O Globo, Economia Verde, p. 31
Autor: VIEIRA, Agostinho
28 de Ago de 2014

A boa e a má política

Agostinho Vieira

Não dá para ter certeza ainda de quem serão os candidatos à presidência que participarão do primeiro debate da eleição de 2018. Se for eleita, Marina já disse que não concorrerá à reeleição. Portanto, não estará na bancada. Se não vencer agora, é provável que apareça por lá, desta vez representando a sua Rede. O mesmo pode acontecer com Aécio, mas não com Dilma. Talvez se ouça novamente a voz rouca de Lula.
No entanto, seja qual for o grupo de debatedores, o mediador e a emissora, não é difícil adivinhar o que será dito. O representante do governo defenderá suas conquistas. Dirá que as falhas, raras, foram provocadas por problemas externos, alheios à sua vontade. Já a oposição vai garantir, indignada, que nunca houve gestão tão incompetente e corrupta. Enquanto isso, o pobre eleitor seguirá assistindo atônito, se divertindo com as tiradas engraçadas e torcendo ou rezando para que a vida melhore.
Foi mais ou menos isso que vimos na última terça-feira, apesar da inusitada discussão semântica para saber se a política deveria ser dividida entre nova e velha ou boa e má. Nesse teatro do absurdo foi possível identificar até as frases de efeito, previamente ensaiadas: "Quem fala olhando para trás tem receio de enfrentar o presente e não tem propostas para o futuro", "O país não precisa de gerente, mas de visão estratégica", "Em três anos e meio gerei mais empregos do que em oito do seu partido". Bordões criados com carinho para grudar na memória dos incautos.
Acontece que, no mundo real, não é assim que funciona. Ninguém é 100% bom ou 100% mal. A vida não é dividida entre mocinhos e bandidos, como nos desenhos animados. O Brasil que temos hoje é formado pela soma de erros e acertos de todos os governos que já passaram por aqui.

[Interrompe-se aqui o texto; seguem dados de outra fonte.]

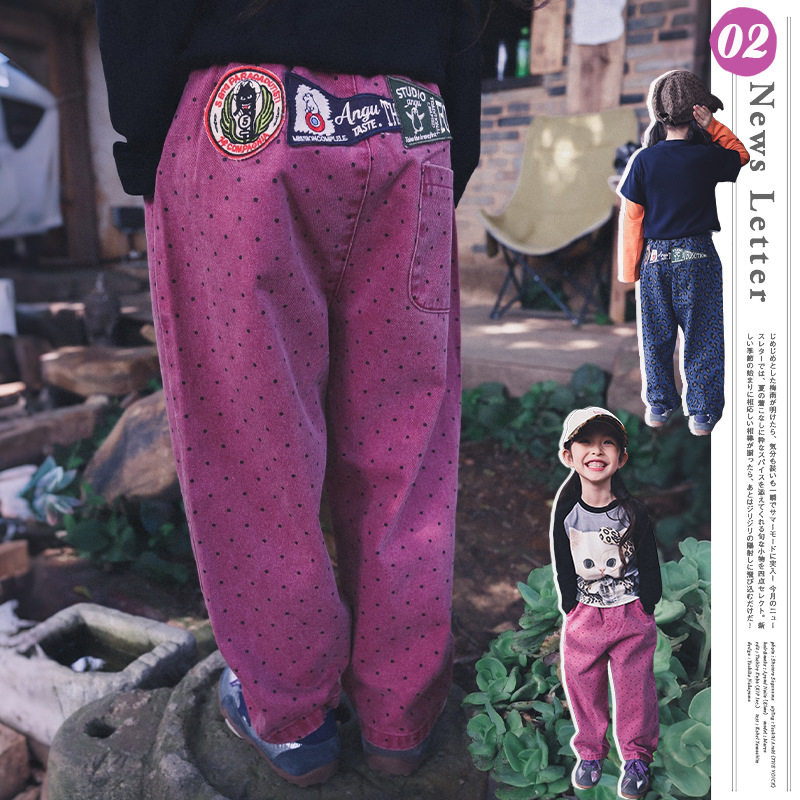 女童直筒裤2026秋季款韩系甜美儿童波点印花裤子女童洋气时髦长裤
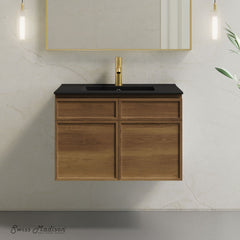 Wall-Mount Bathroom Vanity, St. Tropez, 30 Inch with Black Sink Top in Brown Oak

Marina diz que, se eleita, vai trabalhar com os melhores de cada partido, incluindo o PT e o PSDB. Como se alguém escolhesse trabalhar com os piores, só de birra.
Chega a ser desesperador olhar para as ameaças graves que nos esperam no futuro enquanto vemos nossos políticos representando personagens caricatos de uma comédia sem graça. É como ver um carro lotado de passageiros bêbados, seguindo a 150 km/h em direção ao muro. Seria muito mais proveitoso se os nossos representantes discutissem objetivos concretos e mensuráveis.
No início do mês, por exemplo, perdemos tempo debatendo se o Brasil estaria na posição 79 ou 67 do ranking internacional de desenvolvimento humano. Ambas ruins. O estudo da ONU analisa a situação de 187 países em itens como expectativa de vida, educação e renda. Não seria melhor aproveitar os debates para discutir onde queremos estar daqui a quatro anos? Que tal ficar entre os 50 melhores do mundo? Alguém pode dizer: "O meu governo será tão bom que ficaremos entre os dez mais". Ok, tudo bem. Mas se ficar em 51o a meta não foi batida.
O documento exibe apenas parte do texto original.